The most relevant aspects of the evolution of BBVA Group's Rest of Business activity during the first nine months of 2025 were:
Lending activity (performing loans under management) grew by 20.8%. The United States and Europe are driving this growth, with significant transactions in project finance and corporate loans.
Customer funds under management recorded an increase of 32.6%, driven by customer deposits in Europe, supported by the performance of United Kingdom (CIB) and the digital bank in Germany, and, to a lesser extent, Asia.
The most relevant aspects of the evolution of BBVA Group's Rest of Business activity during the third quarter of 2025 were:
Lending (performing loans under management) recorded a growth of 4.2%, continuing the upward trend seen in recent quarters. Significant growth was observed in Investment Banking & Finance (IB&F), especially in the United States.
On the other hand, compared to the end of June, the NPL ratio decreased by 3 basis points to 0.2%, while the coverage ratio fell to 136%.

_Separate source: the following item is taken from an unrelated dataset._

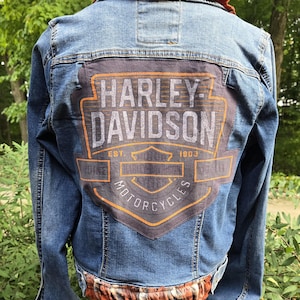 May include: Blue denim jacket with a Harley-Davidson logo on the back. The jacket features a plaid fabric trim and collar. The Harley-Davidson logo is in orange and gray. The jacket is displayed on a mannequin.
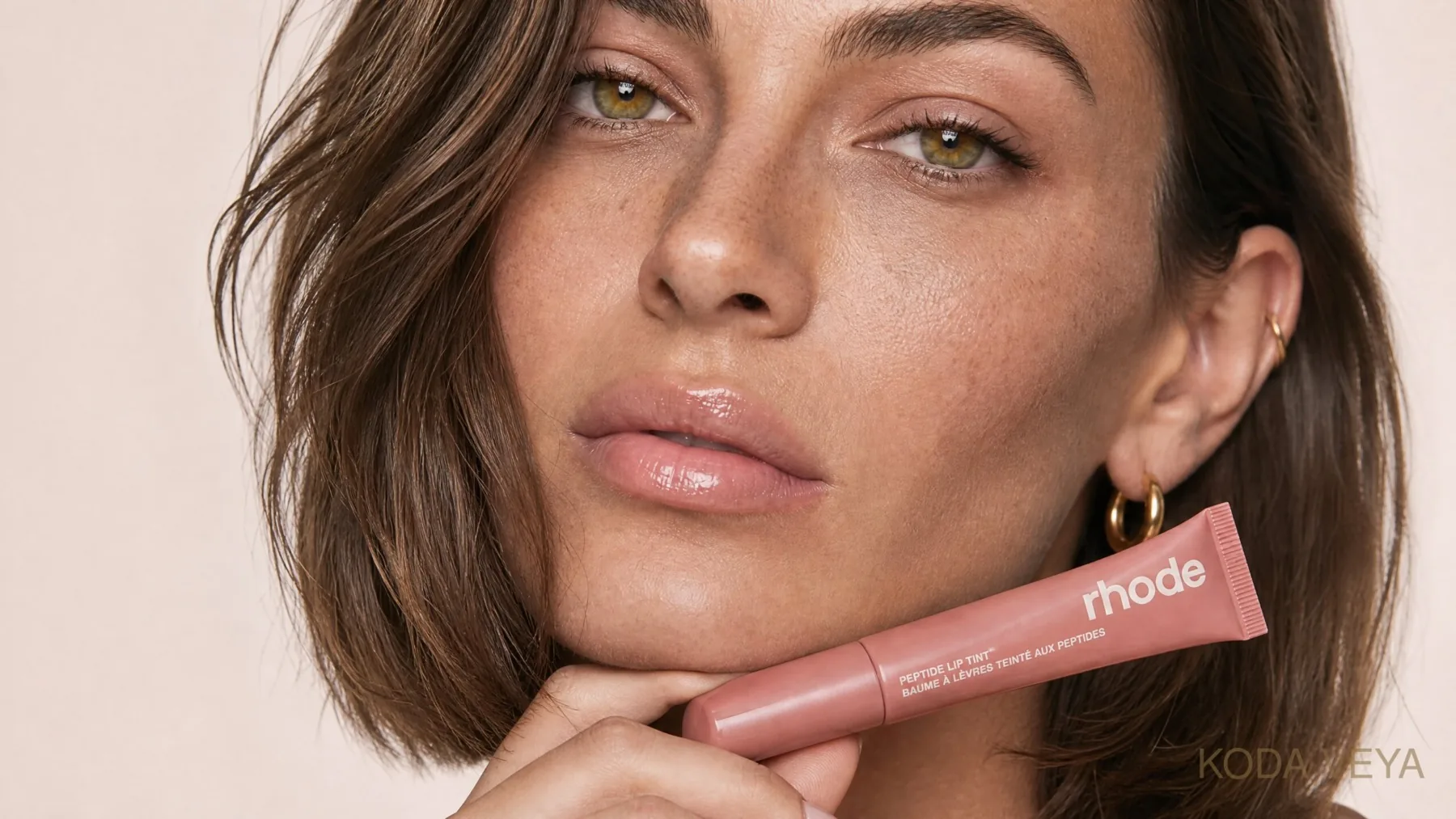 Koda with glazed skin, a soft flush and a glossy lip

Customer funds under management recorded an increase of 34.3%, mainly due to the deposit balances, both demand and time deposits, by customers of branches in Europe, followed by customer deposits in the United States and Asia.
Rest of Business achieved an accumulated net attributable profit of €481m during the first nine months of 2025, 20.0% higher than in the same period of the previous year, favored by the evolution of the recurring revenues and the NTI, which widely offset the increase in operating expenses.
In the year-on-year evolution of the main lines of the area's income statement at the end of September 2025, the following was particularly noteworthy:
Net interest income grew by 15.7% as a result of increased activity volumes and appropriate price management. By geographical areas, growth in the New York branch stood out.
Net fees and commissions had an excellent performance and increased by 53.9%, thanks to issuance activity in the primary debt market and relevant operations in project finance and corporate loans. Commissions originating in Europe and the United States stood out.
The NTI grew by 8.8% with the favorable performance of the United States standing out thanks to commercial activity in foreign exchange, credit and interest rates.
Increase in operating expenses of 26.9% mainly explained by higher expenses in Europe and, to a lesser extent, in the United States due to new hires and investment in strategic projects.
The impairment on financial assets line at the end of September 2025 recorded a balance of €-47m, figure which is higher than in the same period of the previous year, mainly originated in higher provisions in the United States. Meanwhile, the cumulative cost of risk at the end of September fell by 4 basis points compared to June to 0.10%, due in part to lower provisions for individual customers.
In the third quarter of 2025 and excluding the effect of the exchange rates fluctuations, the Group's Rest of Businesses as a whole generated a net attributable profit of €178m, 29.6% above that of the previous quarter. In the quarterly evolution, the good performance of recurring revenues and NTI were partially offset by the increase in the operating expenses associated with strategic plans.